4. Maak het simpel en tastbaar

Buiten de campaigners - zeg maar de ‘eigen, overtuigde parochie’ - weet 73 % niet echt goed waarover het allemaal gaat. Groen is ook een moeilijk en complex verhaal.

Wat moet ik met een “ecologische voetafdruk” ?! Is “Duurzaamheid” niet gewoon een

‘duur’ woord om te zeggen dat het nu ‘duurder’ is ?

De complexiteit leidt tot verwarring. Verwarring wordt niet opgelost door méér informatie, maar door beter begrijpen.

Communicatie – ook marketingcommunicatie kan helpen.

Als we het over gedragsverandering willen hebben, dan zijn er een aantal regeltjes te respecteren.

Of het nu gaat over niet achter het stuur kruipen als je gedronken hebt – of over milieuvriendelijker consumeren – gedrag verander je door de zaken simpel, konkreet, haalbaar en tastbaar te maken. Dat is een van de succesfactoren van de BOB- campagnes.

Vertaal de voordelen van uw groene aanpak dus in mensentaal, voor het grote publiek. Maak de voordelen duidelijk, hou de tegenstrijdigheden minimaal en de incentive vanzelfsprekend. Communiceer over wat het doet, niet over wat er allemaal zou kunnen. Vertel vooral over de effecten en de voordelen, niet zozeer over hoé we daartoe komen.

Een grappig voorbeeldje van hoe je de voordelen van een hybriede motor even uitlegt. GE ontwikkelt een hybriede diesel-electrische locomotief. Hij ziet er niet echt gestroomlijnd uit, maar hij werkt een beetje volgens het principe van de Prius : energie die vrijkomt bij het afremmen wordt opgeslagen. Een locomotief van 207 ton genereert per jaar genoeg energie om 160 woningen gedurende een jaar van energie te voorzien.

Het is een mooi voorbeeld van hoe je een enorm complexe boodschap eenvoudig kan brengen.

5. Meer is beter dan minder

En vooral : hoe je een positieve boodschap geeft.

Er zijn voldoende ecologische rampscenario’s. Maar als we het gedrag écht willen veranderen (en dat kan bvb. betekenen dat ze òns groen product moeten kopen in plaats van een ander merk) dan werken rampscenario’s even goed als afschuwelijke teksten en foto’s op pakjes sigaretten. Of als verhakkelde mensen op de snelweg.

Anders stonden we al veel verder met Kyoto ! En had Bob bvb. nooit zoveel sukses.

(5)

Ultiem worden mensen, consumenten, gedreven door eigen gewin. What’s in it for me ? Door : “Where ’s the beef” ? Het menselijke ras wil méér beef, niet minder – we willen vooruit, niet achteruit.

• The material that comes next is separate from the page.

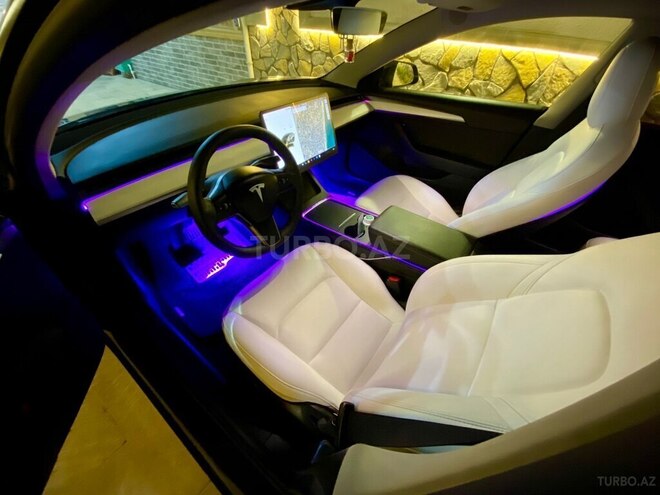Tesla Model 3 2022, 70,000 km - 0.0 l - Bakı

Consumenten vandaag willen wààr voor hun geld. Ze willen echte waarde krijgen en willen daarin niet gedicteerd worden. Ze willen zelfstandig kunnen beslissen over wat wél of niet waarde heeft.

Groene marketing scoort zwak op zowat al die criteria : er wordt wél gedicteerd wat goed en slecht voor je is. En veelal gaat groene communicatie over “minder” dan over “meer”. Minder uitstoot van CO2, minder energieverbruik. Minder omgekapte bomen.

Je zou van minder de indruk krijgen dat je maar half zoveel waar krijgt voor je geld...

Als we niet willen dat eco-marketing straks doodloopt in zgn. “eco-fatigue” dan zullen we vooral moeten vertellen over wat er gewonnen wordt, niet zozeer over wat er

“minder verloren” wordt.

Geef bvb. meer kilometer per liter, in plaats van minder liter per 100 km. Seth Godin heeft een leuk idee. Zet op de achterbumper van elke auto een goed zichtbare teller.

Een teller die aangeeft hoeveel km. jouw wagen met een liter benzine kan rijden.

“De mijne kan langer dan den uwe !!”

6. Groen is een dialoog

Als het wat moeilijk ligt is een goed gesprek een goed begin. In een gesprek kunnen de moeilijkste onderwerpen stap voor stap uitgelegd worden, kunnen kritische vragen gesteld en opmerkingen opgevangen worden vooraleer ze verder ontploffen in blogs en negatieve PR.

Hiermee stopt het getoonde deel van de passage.